Zulkifli Moeslim Jadi Kepala Bandara Polonia 3 Hari

Zulkifli Moeslim Jadi Kepala Bandara Polonia 3 Hari

- detikNews
Selasa, 04 Des 2007 19:37 WIB
Zulkifli Moeslim Jadi Kepala Bandara Polonia 3 Hari
Medan - Jika tidak ada aral melintang, Zulkifli Moeslim akan segera menerima surat keputusan tentang berakhirnya masa tugas sebagai pelaksana tugas Kepala Bandara Polonia Medan. Jika surat itu diterima, dia menjadi pejabat kepala bandara Polonia dengan masa jabatan terpendek, hanya tiga hari.

Zulkifli Moeslim, pria yang bersahaja. Badan kurus tinggi, dan murah senyum. Ketika mengabarkan keputusan tentang penggantiannya, pria berusia 54 tahun ini malah menyampaikannya dengan senyum bahagia.

"Namanya diperintahkan, saya tentu menerima. Pengganti saya Pak Alexius. Jangan tanya saya kecewa apa nggak, lha saya saja tidak apa-apa kok. Jadinya saya jadi kepala bandara selama tiga hari saja," kata Zulkifli Moeslim kepada wartawan di Bandara Polonia, Jalan Imam Bonjol Medan, Selasa (4/12/2007).
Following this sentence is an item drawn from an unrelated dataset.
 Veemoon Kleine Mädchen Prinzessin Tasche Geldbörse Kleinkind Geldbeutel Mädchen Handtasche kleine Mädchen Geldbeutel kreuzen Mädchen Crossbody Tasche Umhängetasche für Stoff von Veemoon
Sejauh ini, surat keputusan masih belum diterimanya. Tapi dia sudah mendapat informasi dan penggantinya Alexius Kiswoyo, yang sebelumnya menjabat Manager Operasional Bandara Soekarno Hatta.

Zulkifli memang hanya ditunjuk sebagai pelaksana tugas kepala bandara. Jabatannya asli Kepala Dinas Operasi Bandara Polonia. Jabatan senior kedua setelah kepala bandara. Namun pada hari pertama memegang jabatan, api melalap terminal keberangkatan domestik pada Sabtu 1 Desember 2007 pukul 20.30 WIB. Bangunan dan isi bernilai miliaran rupiah hangus karena sistem pencegahan kebakaran yang tidak efektif.

Hari pertama tugasnya, masalah besar harus dihadapi. Api baru padam setelah 3,5 jam disemprot air. Malam itu semuanya serba kacau. Koordinasi dilakukan dengan banyak pihak. Semua merasa perlu menanyakan kondisi bandara dan berkoordinasi kepada Zulkifli Moeslim. Gubernur Sumut Rudolf Pardede dan Walikota Medan Abdillah, langsung datang ke lokasi.

"Selama 39 jam saya tidak tidur sejak kebakaran itu," kata Zulkifli.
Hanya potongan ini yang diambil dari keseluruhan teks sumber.